By Mento 0 Comments
I have a confession to make. I spent most of today playing Magrunner after I said I wouldn't. Actually, I said I wouldn't be talking about it any more, which I'm guess is what I'm doing right this moment. So now I have a new confession: I'm talking about Magrunner again after I said I wouldn't.
Like how things suddenly took a turn for the eerie immediately after I booted it up yesterday, it got even more surreal today. It's also super long, to my surprise: I'd say it's far closer to Portal 2's length than Portal 1's. Of course, given that one of the common criticisms of Portal 2 was its drawn out runtime, it's entirely debatable whether or not this is a plus. I'm not saying more content is a bad thing, but there's a balancing trick in producing a number of puzzle rooms that feel fresh and different that don't involve going through the same motions over and over. There's also the deleterious effect such padding does to the story which, due to the nature of this kind of game, must be doled out in small chunks between puzzle rooms.

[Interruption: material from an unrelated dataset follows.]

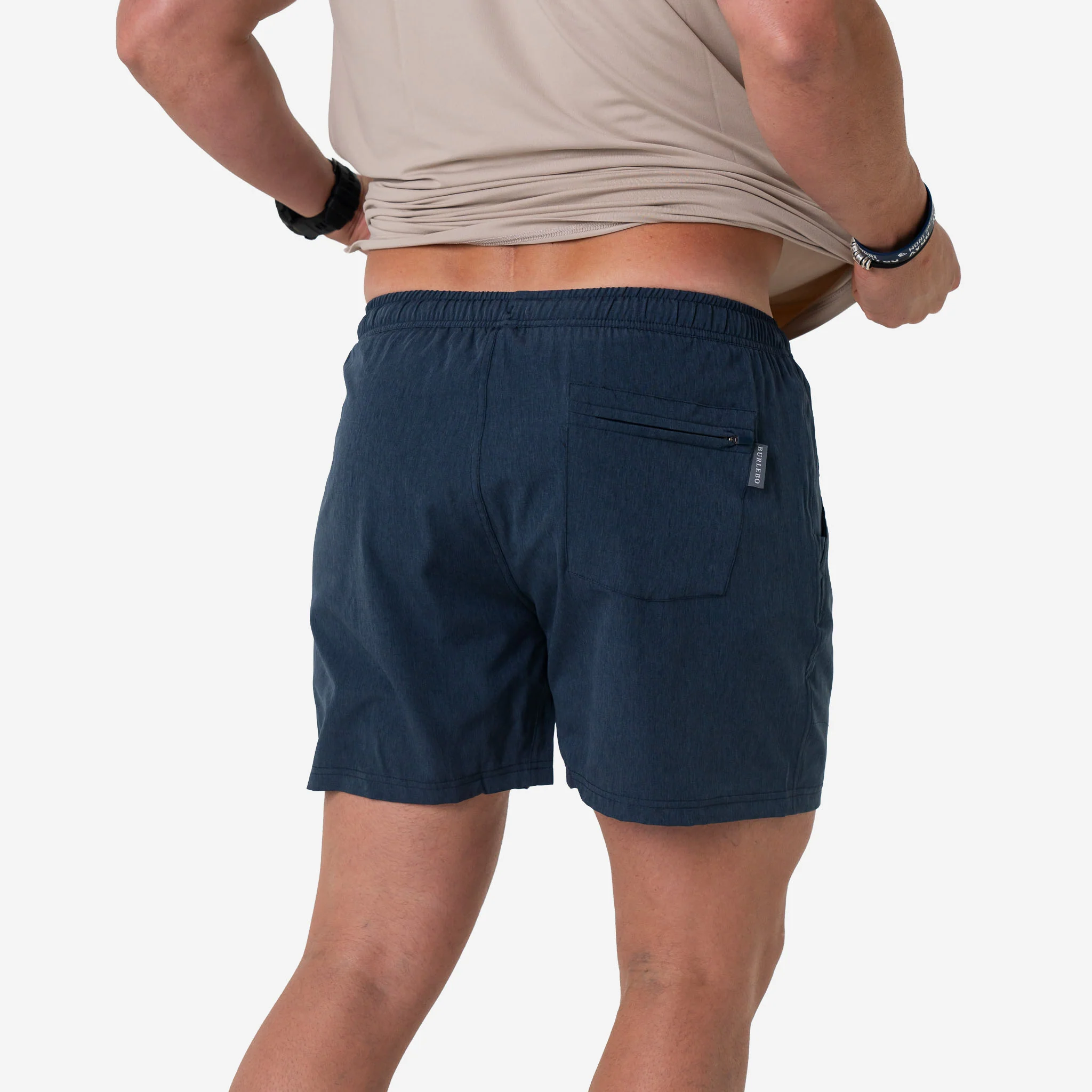 Athletic Short - Heather Navy - American Flag Liner - Image 4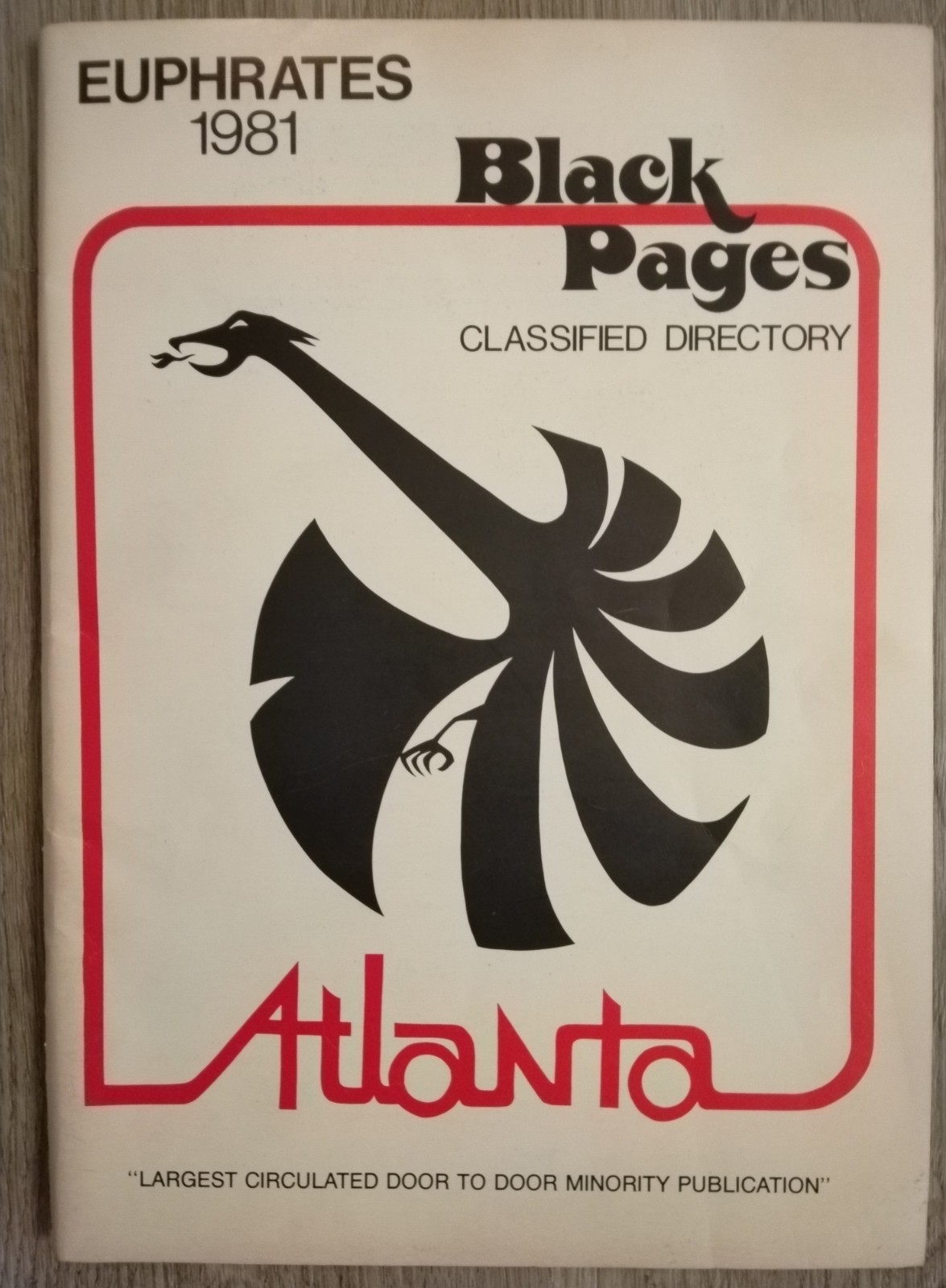 SUPER RARE 1981 Euphrates Atlanta Black Pages Classified Directory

The continuous, interconnected plot snippets can't hope to maintain a sense of dread or suspense with the potentially huge gaps of time that the player may spend solving the puzzles in the interim, and thus generally stick to checking in with the various NPCs and other status updates.
But I've already talked too much about this darn game already. I really don't want to spoil anything about the final act, because it gets as insane as one might expect from fiction inspired by Lovecraft. I'll say it pulls something similar to Half-Life's Xen and leave it at that. (And yes, you do get to meet you-know-who. Sort of.)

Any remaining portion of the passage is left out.